If 18 ohms is the cold filament resistance, that isn't of much use. The hot on resistance will be significantly higher. Paralleling a resistance with the LED load would be counterproductive IMO, though that ought to trigger the dimmer into operating correctly. I would see if I could tweak the dimmer first, hoping it would involve just a resistor change or two.
Ok, AC dimmers and LED lighting... here I go again...

AC dimmers work by conducting less than the full cycle of the AC voltage.

LEDs only work on regulated DC, so they're powered by an AC-DC power supply. And such power supplies have smoothing caps.
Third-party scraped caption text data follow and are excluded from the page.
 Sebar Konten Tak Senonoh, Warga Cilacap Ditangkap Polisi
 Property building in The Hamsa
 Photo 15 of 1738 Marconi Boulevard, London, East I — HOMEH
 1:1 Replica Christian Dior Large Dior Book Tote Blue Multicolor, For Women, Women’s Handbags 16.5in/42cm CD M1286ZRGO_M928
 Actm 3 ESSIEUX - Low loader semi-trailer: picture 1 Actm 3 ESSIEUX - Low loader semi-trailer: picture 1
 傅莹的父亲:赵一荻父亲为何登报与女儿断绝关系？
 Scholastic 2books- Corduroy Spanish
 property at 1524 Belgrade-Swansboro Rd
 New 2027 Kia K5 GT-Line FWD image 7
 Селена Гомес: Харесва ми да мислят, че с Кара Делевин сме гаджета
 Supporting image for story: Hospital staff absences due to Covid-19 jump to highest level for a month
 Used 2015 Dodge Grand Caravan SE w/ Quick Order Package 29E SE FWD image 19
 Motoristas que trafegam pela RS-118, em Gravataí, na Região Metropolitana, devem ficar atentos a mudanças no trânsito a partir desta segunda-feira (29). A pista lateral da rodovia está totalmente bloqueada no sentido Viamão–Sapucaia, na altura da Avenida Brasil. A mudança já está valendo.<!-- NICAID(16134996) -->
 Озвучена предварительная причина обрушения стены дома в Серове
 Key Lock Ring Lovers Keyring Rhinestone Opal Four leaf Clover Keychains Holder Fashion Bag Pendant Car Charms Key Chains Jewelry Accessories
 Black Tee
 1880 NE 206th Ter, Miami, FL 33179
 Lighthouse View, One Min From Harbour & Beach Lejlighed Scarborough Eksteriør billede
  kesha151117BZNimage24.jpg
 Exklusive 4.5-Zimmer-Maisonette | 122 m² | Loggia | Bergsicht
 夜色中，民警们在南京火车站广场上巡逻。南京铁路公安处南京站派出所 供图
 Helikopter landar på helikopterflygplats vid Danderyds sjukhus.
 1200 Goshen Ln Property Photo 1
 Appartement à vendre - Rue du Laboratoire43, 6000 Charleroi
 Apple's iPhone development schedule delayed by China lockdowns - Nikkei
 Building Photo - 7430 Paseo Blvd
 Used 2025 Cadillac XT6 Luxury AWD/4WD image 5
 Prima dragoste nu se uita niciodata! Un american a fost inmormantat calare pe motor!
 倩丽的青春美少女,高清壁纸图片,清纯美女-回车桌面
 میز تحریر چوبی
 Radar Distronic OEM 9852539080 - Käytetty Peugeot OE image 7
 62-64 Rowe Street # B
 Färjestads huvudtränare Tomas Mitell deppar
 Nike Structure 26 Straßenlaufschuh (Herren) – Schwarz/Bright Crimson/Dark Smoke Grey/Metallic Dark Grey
So regardless of how strange the AC waveform is, the DC voltage at the cap is always peak voltage of the AC. Both ripple and peak voltage will depend on conduction angle, but again it doesn't matter that much because that DC is used to feed a regulated SMPS-cum-LED driver (they're the same thing but I'm just being clear).

In other words, the LED lamp will function normally even with imperfect or altered AC voltage, until it starts to flicker or totally not work at all.

Dimmable LED lamps have a smarter power supply that detects the presence of a dimmer, and from that decides how much power the LEDs should get.

And... this is where everything goes wrong because there is pretty much no standard regarding dimmer and LED lamp compatibility.

What you need to do is, contact the company that sold you the LED lamp with the "dimmable" feature drawn on the box, ask them what dimmer they used.